The problem —
Since the records include pictures, leave those out while you reproduce exactly and only the lines from the one containing "Landhaus-Küche Echtholz mit Granit-APL" through the one containing "Thumbnail 2 in", inclusive.

Data for review —

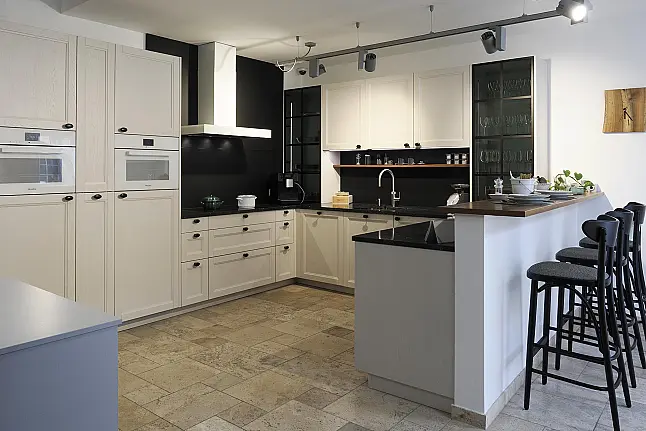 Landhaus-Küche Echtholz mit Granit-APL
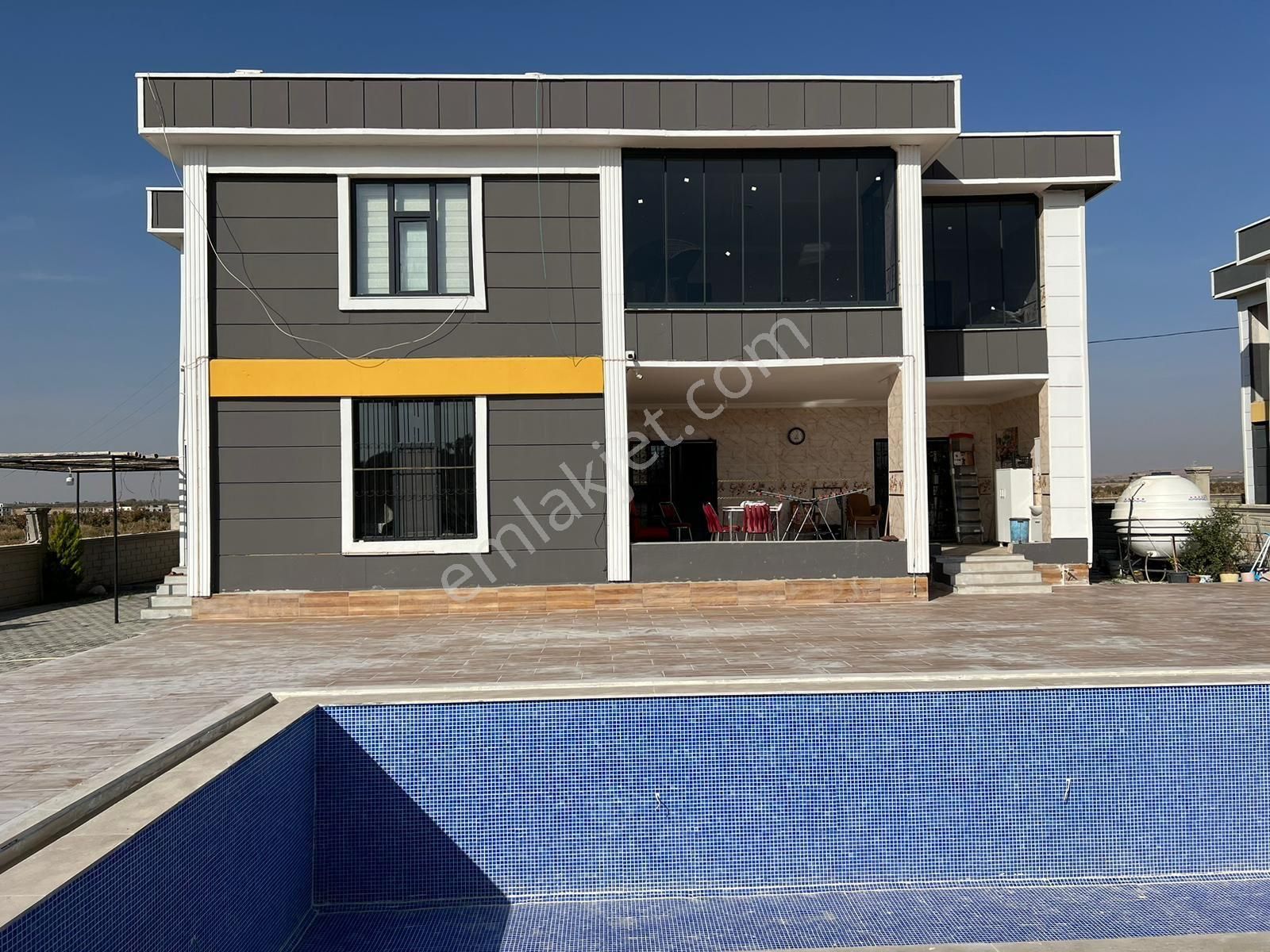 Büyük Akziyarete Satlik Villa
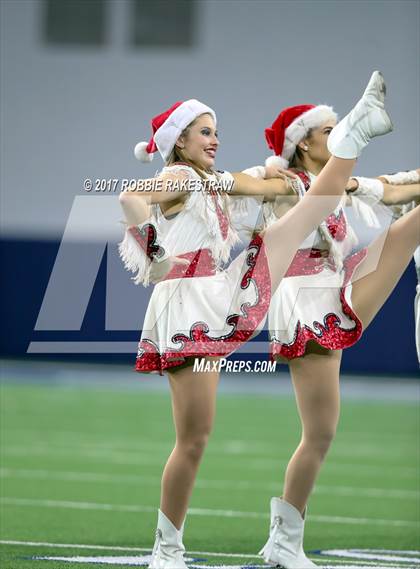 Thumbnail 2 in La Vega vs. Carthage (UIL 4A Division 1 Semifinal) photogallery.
---
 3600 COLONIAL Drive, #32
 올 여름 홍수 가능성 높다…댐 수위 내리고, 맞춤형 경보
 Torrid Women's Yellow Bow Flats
...
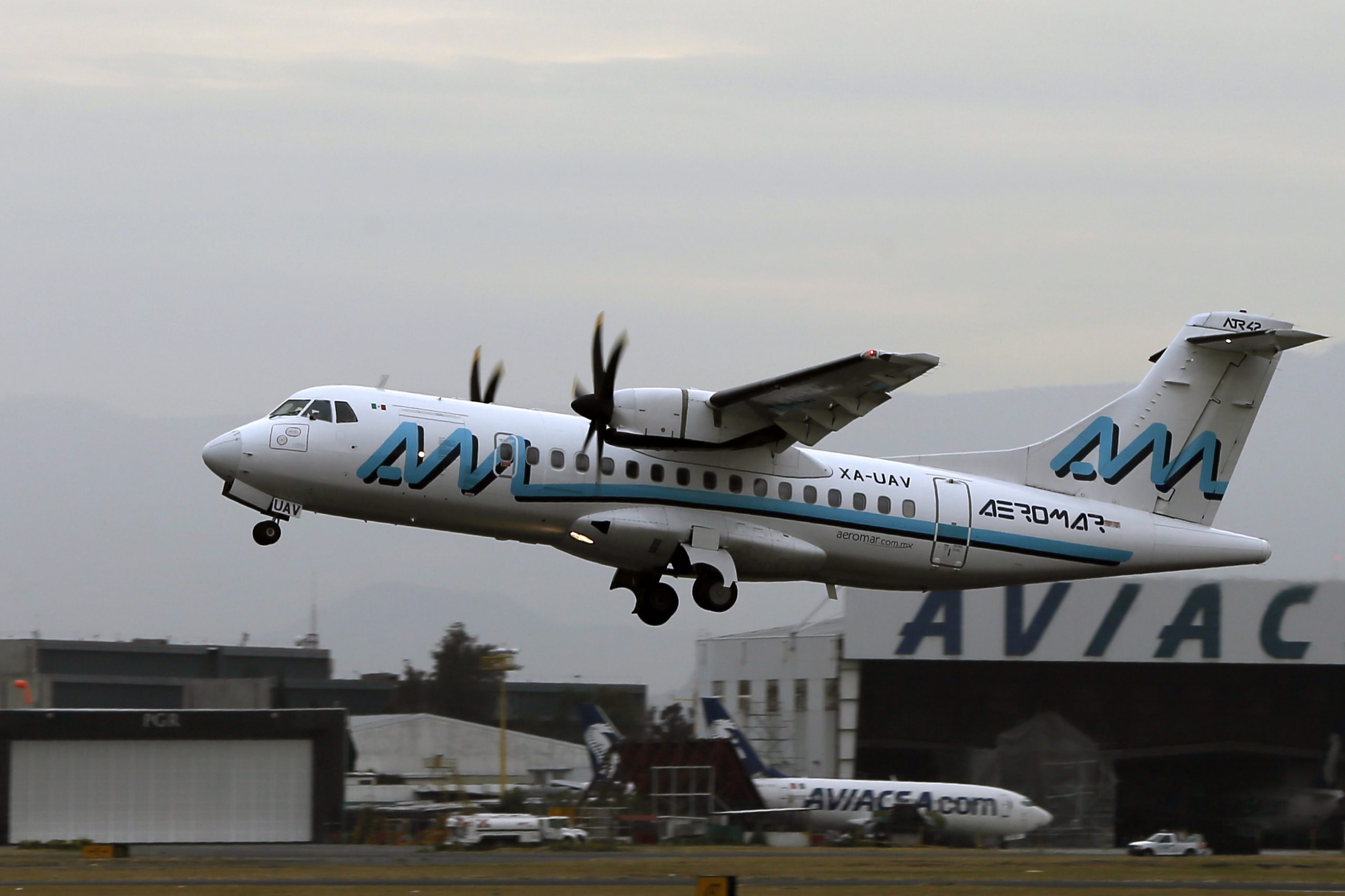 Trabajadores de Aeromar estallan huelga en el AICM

Exercise output —
 Landhaus-Küche Echtholz mit Granit-APL
 Büyük Akziyarete Satlik Villa
 Thumbnail 2 in La Vega vs. Carthage (UIL 4A Division 1 Semifinal) photogallery.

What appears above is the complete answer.